> Activity: In the data below, find the line containing "Вальеры Для Собак и Животных", then set down that line and every later line up to and including the line containing "(YCL) YuGiOh Star", exactly.

(Beginning of Given records)

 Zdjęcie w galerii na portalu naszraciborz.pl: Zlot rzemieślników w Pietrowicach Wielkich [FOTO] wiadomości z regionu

(End of Given records)
(Beginning of Given records)

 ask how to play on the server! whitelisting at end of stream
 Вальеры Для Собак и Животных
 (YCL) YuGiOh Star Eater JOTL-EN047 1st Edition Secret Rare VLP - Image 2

(End of Given records)

> The answer:
 Вальеры Для Собак и Животных
 (YCL) YuGiOh Star Eater JOTL-EN047 1st Edition Secret Rare VLP - Image 2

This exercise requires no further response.